Could you give back exactly the lines below from the one with "Courbe de l'humidex pour Radstadt" through the one with "Deep Wedgewood Blue", without a single picture?
*** Opening DATASET ***
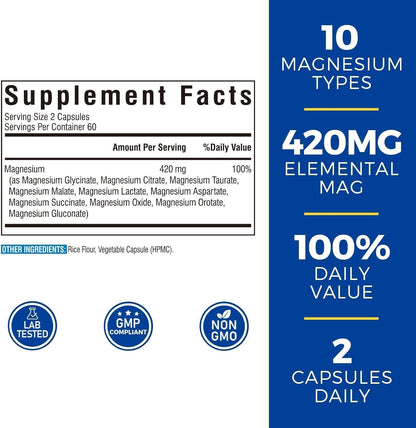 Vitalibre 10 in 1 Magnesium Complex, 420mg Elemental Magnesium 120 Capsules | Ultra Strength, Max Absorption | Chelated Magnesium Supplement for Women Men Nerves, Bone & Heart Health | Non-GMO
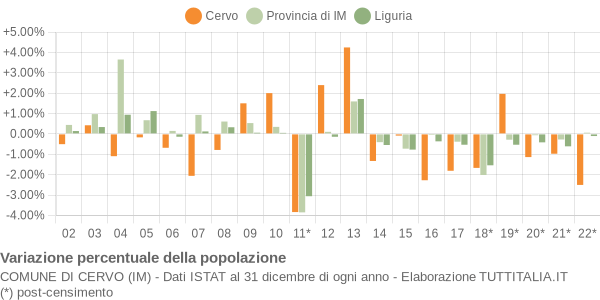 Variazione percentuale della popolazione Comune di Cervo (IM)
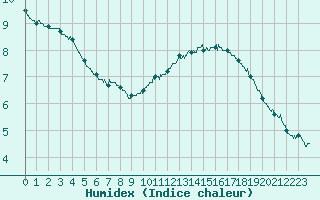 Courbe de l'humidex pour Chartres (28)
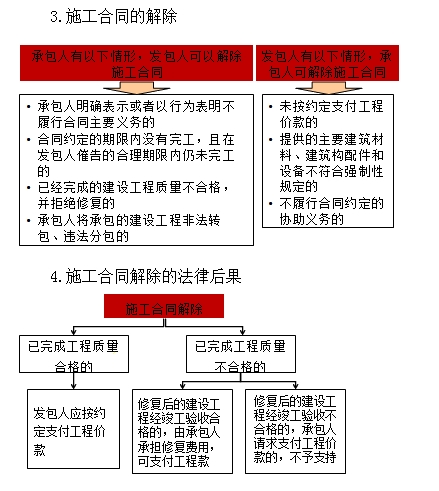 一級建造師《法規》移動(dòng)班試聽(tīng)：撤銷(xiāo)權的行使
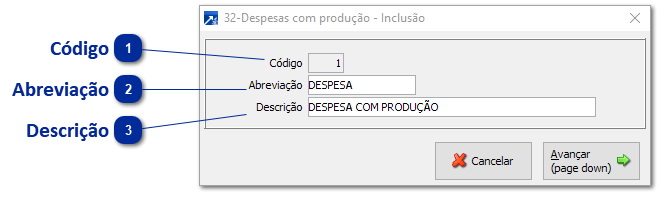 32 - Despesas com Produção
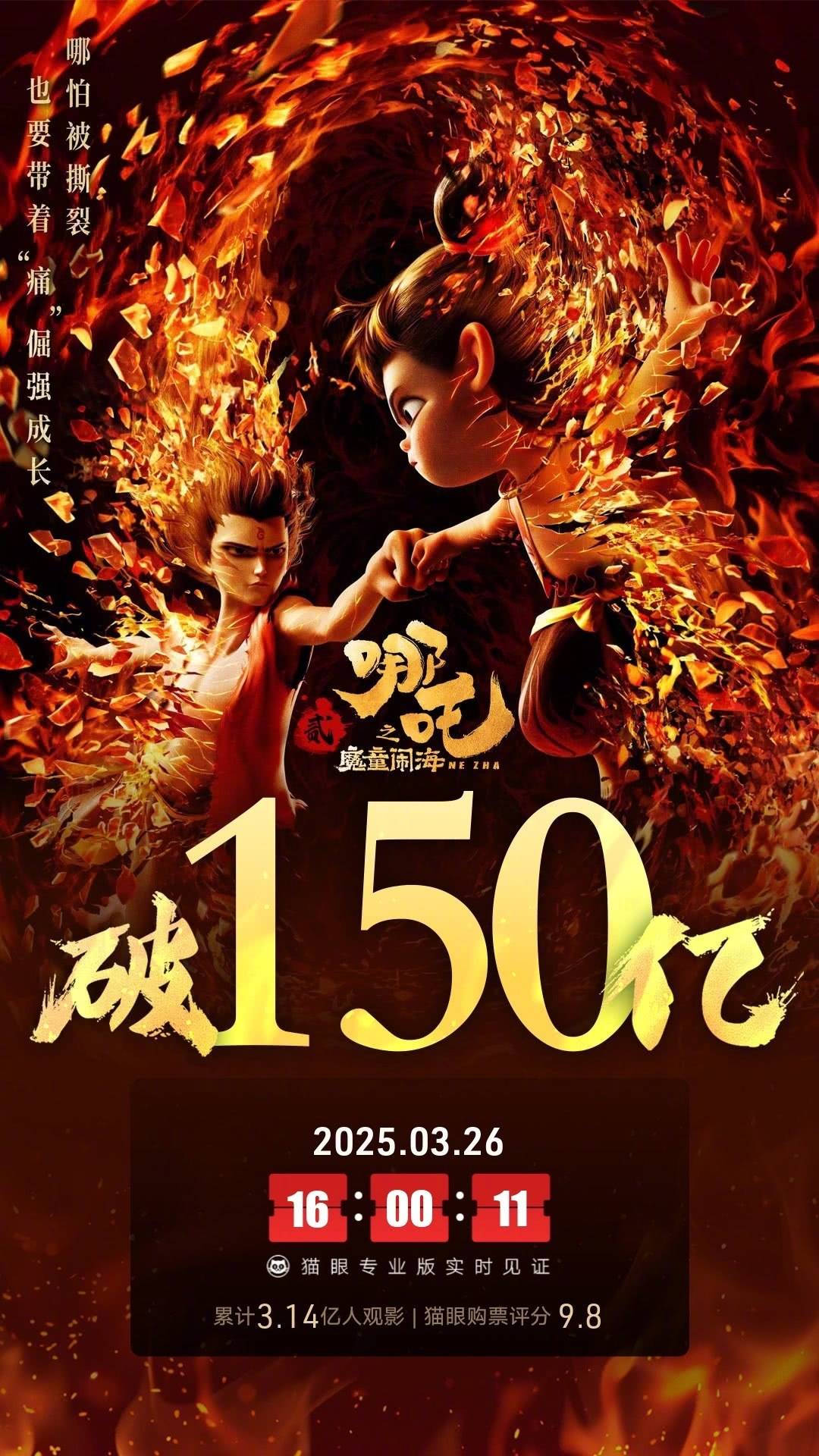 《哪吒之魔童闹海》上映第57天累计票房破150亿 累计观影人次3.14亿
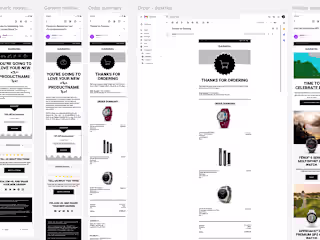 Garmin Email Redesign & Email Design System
*** Closing DATASET ***
*** Opening DATASET ***
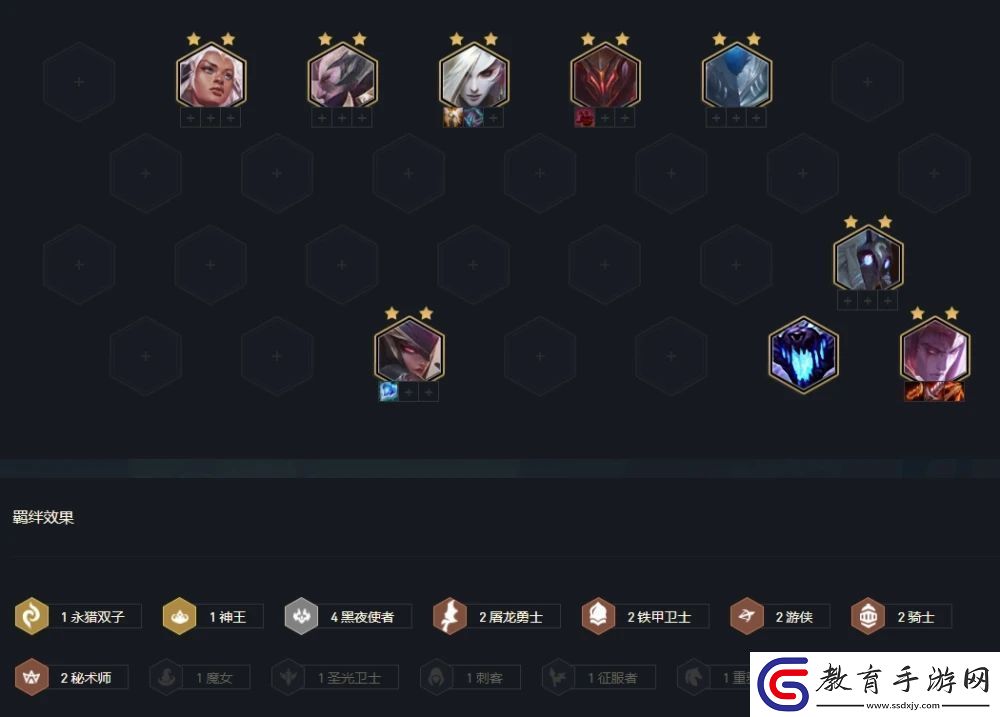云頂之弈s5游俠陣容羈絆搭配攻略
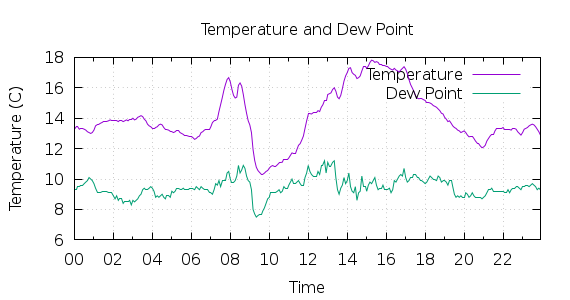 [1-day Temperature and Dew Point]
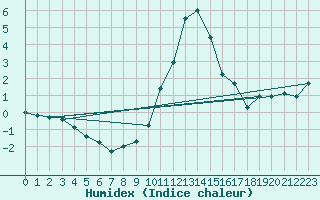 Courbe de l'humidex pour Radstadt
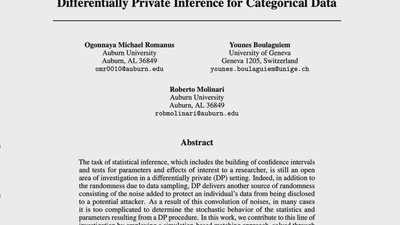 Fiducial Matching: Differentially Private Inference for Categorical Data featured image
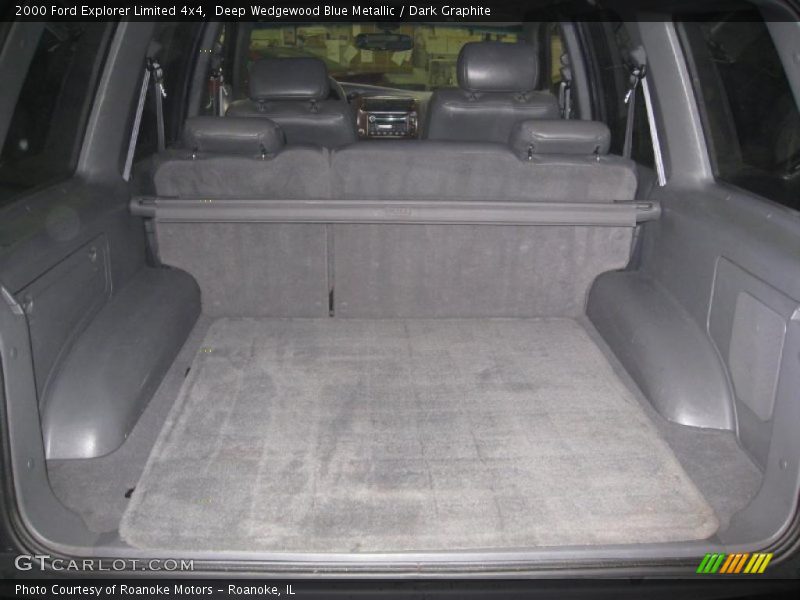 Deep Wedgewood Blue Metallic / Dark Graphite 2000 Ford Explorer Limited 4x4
*** Closing DATASET ***
# [SOLVED EXERCISE]
 Courbe de l'humidex pour Radstadt
 Fiducial Matching: Differentially Private Inference for Categorical Data featured image
 Deep Wedgewood Blue Metallic / Dark Graphite 2000 Ford Explorer Limited 4x4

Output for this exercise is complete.